Friday 11 July 2008

SPIN ON IT

There are times when only the phrase "what a bloody nerve" will do. Cast your mind back, faithful reader, to the great Broadband outage of 2008. Virgin Media responded with little more than a "are we bovvered" when I rang to complain. 4 days I had to wait for an engineer. 4 days! The customer service manager promised to call me back with an update but never did. The whole thing sucked big time. As we are moving house, it was a good excuse to give Virgin the finger and cancel the account, which I have. When I rang to cancel I was immediately offered £20 a month off my bill which I refused, because if they can do it now why didn't they always offer a cheaper service. And look what arrived today.



Aww, a cutesy little Virgin eye mask, and a glossy brochure telling me that I can change my mind, and everything will be better. Cheaper. Faster.

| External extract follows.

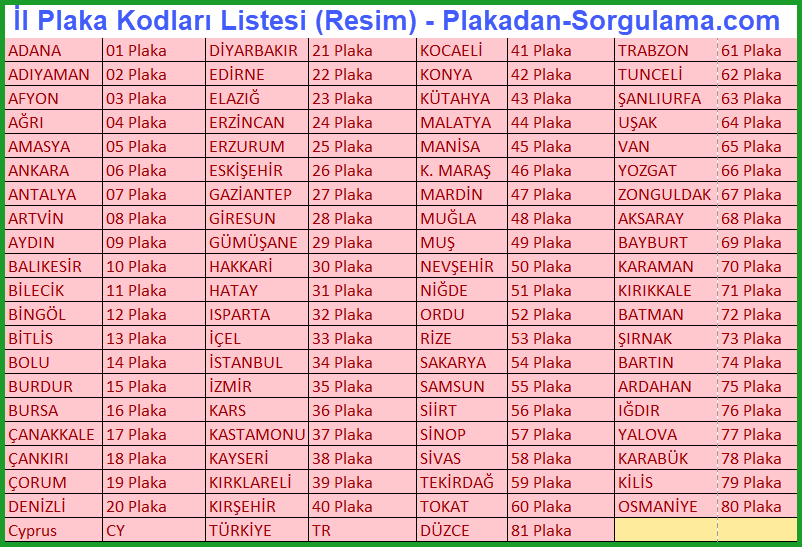 Il telefon kodları Il telefon kodları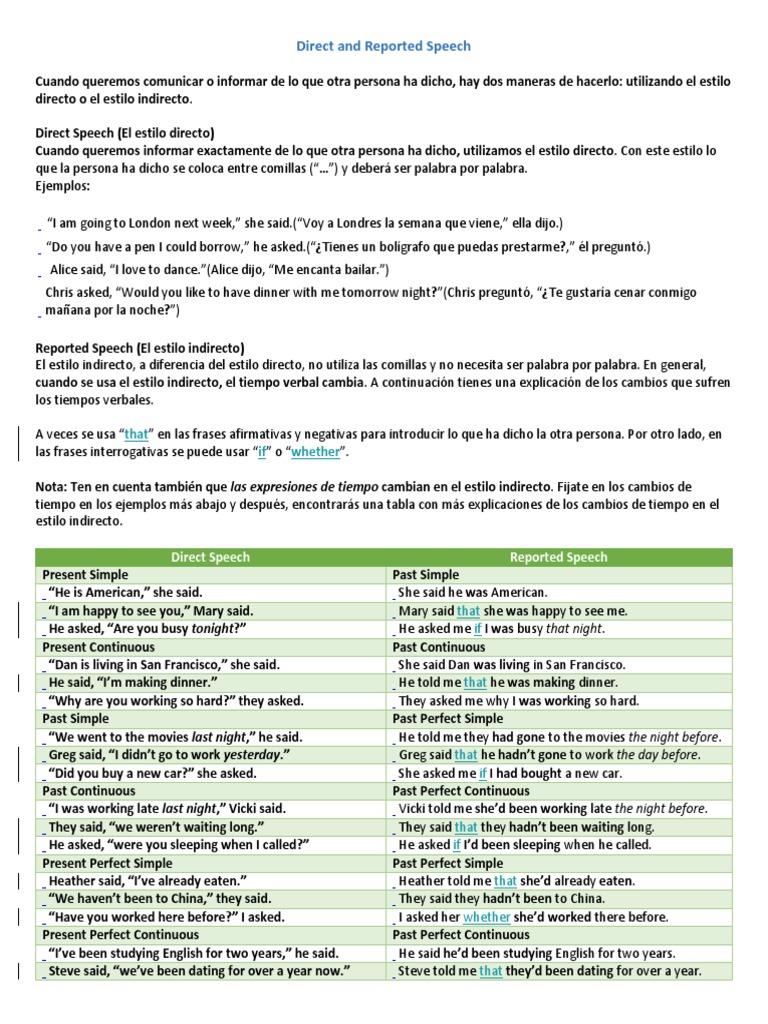 Direct and Reported Speech | PDF | Comillas | Verbo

It just confirms even more that I was right to cancel. If they went to half the effort with existing customers as they do trying to stop people leaving maybe they wouldn't need glossy brochures. It costs a lot more to attract new customers than keep current ones, and Virgin really should pay some attention to that. When you ring to report a fault, you go to a call centre in India. When you ring to cancel, you go through to Glasgow.

To top it off, a letter arrived addressed to "The lucky new occupier" which made me suspicious. It was a 'welcome pack' from Virgin saying hi and good luck in your new home which is already supplied with Virgin Media. That's going in the bin, next to the eye mask. Sleep on it? No thanks.